I don't think that's a _western_ perspective, I think that's _your_
perspective. The actual western perspective likes robots, toys, toy weapons,
robotic toys, and robotic toy weapons, and all the various combinations
thereof. Nerf and Transformers have been cultural staples for decades.
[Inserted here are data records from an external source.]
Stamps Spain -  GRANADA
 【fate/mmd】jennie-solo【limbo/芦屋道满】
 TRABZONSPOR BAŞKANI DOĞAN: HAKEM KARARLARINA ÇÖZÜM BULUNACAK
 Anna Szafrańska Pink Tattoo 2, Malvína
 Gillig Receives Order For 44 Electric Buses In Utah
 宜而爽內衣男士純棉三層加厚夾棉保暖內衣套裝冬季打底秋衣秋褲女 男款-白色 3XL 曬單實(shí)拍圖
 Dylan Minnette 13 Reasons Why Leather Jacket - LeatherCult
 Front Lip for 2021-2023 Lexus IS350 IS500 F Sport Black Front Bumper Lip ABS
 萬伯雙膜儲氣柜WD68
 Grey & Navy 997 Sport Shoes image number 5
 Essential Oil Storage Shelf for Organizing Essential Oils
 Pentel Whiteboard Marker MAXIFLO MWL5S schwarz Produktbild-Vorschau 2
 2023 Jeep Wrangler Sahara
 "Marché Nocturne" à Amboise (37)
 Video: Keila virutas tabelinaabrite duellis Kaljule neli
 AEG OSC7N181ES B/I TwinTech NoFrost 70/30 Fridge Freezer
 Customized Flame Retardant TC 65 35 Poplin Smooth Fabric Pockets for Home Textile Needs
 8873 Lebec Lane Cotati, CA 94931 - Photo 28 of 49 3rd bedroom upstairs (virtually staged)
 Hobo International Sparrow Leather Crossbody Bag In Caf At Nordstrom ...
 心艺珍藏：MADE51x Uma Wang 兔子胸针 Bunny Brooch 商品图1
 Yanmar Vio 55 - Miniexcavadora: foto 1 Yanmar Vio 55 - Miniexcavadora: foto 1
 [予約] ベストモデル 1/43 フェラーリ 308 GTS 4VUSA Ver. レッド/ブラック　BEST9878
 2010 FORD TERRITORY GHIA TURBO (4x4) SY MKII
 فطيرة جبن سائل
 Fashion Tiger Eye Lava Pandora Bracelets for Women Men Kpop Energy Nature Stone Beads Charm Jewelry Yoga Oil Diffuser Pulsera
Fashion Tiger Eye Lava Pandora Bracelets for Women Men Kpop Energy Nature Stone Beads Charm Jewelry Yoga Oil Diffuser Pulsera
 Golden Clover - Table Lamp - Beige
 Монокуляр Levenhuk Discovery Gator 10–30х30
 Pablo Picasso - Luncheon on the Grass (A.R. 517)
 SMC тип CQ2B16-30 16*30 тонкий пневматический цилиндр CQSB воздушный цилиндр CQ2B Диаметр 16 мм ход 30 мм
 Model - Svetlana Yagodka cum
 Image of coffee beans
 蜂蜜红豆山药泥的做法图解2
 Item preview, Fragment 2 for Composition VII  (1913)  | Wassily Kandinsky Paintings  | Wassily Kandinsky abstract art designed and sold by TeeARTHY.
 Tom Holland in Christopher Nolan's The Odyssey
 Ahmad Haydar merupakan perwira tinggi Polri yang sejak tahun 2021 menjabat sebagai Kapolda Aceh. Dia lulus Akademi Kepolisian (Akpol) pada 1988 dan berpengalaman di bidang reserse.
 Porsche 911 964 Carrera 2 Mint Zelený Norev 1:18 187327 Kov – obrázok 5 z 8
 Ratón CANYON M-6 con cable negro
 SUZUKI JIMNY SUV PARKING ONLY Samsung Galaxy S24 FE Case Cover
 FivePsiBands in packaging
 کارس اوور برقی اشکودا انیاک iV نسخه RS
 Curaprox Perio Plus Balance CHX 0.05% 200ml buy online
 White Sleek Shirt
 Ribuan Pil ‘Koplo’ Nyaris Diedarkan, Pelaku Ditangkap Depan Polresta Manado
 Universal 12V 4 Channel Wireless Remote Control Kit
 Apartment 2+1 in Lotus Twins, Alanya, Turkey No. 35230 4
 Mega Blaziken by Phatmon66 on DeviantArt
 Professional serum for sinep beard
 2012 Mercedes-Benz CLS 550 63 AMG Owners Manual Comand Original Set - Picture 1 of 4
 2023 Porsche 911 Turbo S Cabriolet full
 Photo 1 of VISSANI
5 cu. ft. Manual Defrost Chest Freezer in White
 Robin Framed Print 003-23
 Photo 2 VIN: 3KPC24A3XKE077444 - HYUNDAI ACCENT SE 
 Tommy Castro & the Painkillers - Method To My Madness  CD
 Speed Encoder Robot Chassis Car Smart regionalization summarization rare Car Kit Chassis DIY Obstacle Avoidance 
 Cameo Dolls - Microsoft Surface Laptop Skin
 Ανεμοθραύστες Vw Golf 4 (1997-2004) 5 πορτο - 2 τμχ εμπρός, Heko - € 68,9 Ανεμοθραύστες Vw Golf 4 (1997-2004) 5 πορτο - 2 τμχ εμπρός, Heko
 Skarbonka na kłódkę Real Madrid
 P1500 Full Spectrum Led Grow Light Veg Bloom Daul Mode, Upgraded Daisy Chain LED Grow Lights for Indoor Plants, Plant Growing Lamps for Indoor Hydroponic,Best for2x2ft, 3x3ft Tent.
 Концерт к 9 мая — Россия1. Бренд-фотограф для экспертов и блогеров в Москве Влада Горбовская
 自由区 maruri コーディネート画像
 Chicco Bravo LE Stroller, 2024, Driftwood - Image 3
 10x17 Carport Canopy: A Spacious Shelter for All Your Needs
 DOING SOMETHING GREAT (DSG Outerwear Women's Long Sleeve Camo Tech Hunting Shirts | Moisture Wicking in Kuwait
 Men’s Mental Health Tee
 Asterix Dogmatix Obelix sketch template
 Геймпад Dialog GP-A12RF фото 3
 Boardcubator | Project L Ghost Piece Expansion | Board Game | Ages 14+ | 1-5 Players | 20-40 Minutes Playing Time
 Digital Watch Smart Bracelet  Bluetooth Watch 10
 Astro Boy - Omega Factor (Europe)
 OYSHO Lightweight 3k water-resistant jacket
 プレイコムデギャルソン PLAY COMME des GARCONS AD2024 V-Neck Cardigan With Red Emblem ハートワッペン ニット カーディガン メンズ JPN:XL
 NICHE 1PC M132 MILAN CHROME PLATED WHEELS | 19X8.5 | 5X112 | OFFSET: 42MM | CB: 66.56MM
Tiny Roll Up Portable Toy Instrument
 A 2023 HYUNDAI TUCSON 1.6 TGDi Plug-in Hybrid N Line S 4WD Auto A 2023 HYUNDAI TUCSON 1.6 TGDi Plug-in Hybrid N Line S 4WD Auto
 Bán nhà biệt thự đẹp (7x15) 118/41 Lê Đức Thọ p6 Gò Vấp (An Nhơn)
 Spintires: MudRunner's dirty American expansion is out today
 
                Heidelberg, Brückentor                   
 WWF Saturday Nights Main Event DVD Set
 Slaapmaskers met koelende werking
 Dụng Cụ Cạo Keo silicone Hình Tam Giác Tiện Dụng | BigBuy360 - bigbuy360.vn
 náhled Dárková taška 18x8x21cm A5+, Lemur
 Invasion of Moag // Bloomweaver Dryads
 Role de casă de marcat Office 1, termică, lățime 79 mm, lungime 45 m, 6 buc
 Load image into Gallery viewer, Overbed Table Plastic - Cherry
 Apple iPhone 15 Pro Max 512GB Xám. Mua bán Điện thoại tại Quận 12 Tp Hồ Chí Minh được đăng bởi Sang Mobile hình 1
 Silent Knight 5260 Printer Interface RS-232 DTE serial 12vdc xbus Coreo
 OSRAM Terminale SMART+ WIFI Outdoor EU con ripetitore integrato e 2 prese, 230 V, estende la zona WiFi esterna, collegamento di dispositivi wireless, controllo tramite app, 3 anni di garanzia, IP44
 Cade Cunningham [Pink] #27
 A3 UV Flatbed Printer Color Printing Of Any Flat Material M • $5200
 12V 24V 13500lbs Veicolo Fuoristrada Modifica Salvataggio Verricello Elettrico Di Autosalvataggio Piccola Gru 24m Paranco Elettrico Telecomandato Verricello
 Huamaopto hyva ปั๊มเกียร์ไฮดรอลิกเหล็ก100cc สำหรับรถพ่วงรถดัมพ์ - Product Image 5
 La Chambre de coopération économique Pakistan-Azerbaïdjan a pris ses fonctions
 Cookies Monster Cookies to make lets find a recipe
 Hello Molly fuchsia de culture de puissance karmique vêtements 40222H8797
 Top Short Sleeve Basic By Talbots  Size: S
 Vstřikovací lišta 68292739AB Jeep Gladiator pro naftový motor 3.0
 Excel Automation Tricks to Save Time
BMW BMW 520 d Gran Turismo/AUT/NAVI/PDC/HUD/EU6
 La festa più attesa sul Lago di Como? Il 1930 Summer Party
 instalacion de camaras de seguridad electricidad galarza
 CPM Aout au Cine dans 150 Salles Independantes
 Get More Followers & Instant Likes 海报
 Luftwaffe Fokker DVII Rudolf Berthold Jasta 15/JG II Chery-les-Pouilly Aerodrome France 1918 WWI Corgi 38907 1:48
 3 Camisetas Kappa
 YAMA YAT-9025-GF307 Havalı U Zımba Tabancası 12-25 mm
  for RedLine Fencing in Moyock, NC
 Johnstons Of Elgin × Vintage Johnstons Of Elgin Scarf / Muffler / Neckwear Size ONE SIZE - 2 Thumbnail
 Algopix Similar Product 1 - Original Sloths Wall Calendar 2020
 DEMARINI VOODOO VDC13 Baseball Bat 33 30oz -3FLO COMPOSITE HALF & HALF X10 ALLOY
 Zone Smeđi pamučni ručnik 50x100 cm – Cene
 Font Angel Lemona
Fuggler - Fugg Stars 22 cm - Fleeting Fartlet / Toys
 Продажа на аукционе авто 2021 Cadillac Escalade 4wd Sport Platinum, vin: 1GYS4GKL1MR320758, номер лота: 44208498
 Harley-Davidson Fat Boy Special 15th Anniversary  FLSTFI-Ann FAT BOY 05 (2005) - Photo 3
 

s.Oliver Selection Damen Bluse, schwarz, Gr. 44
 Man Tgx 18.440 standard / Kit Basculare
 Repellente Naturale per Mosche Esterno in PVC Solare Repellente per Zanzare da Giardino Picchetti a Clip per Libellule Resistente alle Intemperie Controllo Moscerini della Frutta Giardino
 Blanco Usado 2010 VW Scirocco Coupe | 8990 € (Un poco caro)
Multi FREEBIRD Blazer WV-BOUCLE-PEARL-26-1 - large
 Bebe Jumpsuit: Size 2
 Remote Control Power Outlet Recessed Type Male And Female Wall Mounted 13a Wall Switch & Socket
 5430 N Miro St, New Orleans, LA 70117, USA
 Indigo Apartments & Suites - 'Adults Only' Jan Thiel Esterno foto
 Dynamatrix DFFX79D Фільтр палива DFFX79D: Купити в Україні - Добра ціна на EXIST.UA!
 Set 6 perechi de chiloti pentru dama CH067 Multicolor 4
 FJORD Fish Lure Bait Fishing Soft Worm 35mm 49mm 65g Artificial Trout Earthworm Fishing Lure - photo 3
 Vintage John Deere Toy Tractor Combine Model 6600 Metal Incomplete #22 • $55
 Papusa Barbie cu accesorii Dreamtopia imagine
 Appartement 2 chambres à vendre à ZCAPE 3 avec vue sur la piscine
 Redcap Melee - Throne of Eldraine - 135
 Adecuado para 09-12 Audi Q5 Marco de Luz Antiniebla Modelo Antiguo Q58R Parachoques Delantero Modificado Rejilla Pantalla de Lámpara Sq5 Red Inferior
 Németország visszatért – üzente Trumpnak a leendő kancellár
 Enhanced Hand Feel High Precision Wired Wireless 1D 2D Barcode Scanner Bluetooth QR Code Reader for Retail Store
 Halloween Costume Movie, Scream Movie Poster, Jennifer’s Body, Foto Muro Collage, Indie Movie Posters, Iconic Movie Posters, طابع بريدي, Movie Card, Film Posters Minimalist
This isn't even the first commercial toy robot with a toy gun on it:
[https://www.amazon.com/Nerf-Creatures-TerraDrone-
Discontinue...](https://www.amazon.com/Nerf-Creatures-TerraDrone-Discontinued-
manufacturer/dp/B00K2QZQUQ)

Or the second: [https://www.amazon.com/TerraScout-Nerf-N-Strike-Official-
Rec...](https://www.amazon.com/TerraScout-Nerf-N-Strike-Official-
Rechargeable/dp/B01DREMRGK)

Or the third: [https://www.amazon.com/Unknown-782-USB-Missile-
Launcher/dp/B...](https://www.amazon.com/Unknown-782-USB-Missile-
Launcher/dp/B000XYR2CM)

Or the hundredth: [https://www.amazon.com/Liberty-Imports-Control-Military-
Airs...](https://www.amazon.com/Liberty-Imports-Control-Military-
Airsoft/dp/B01M23XELQ)

I guess you could argue the programmable nature of this somehow sets it apart,
but I don't see how.

> Is the culture gap that big, or is there another reason?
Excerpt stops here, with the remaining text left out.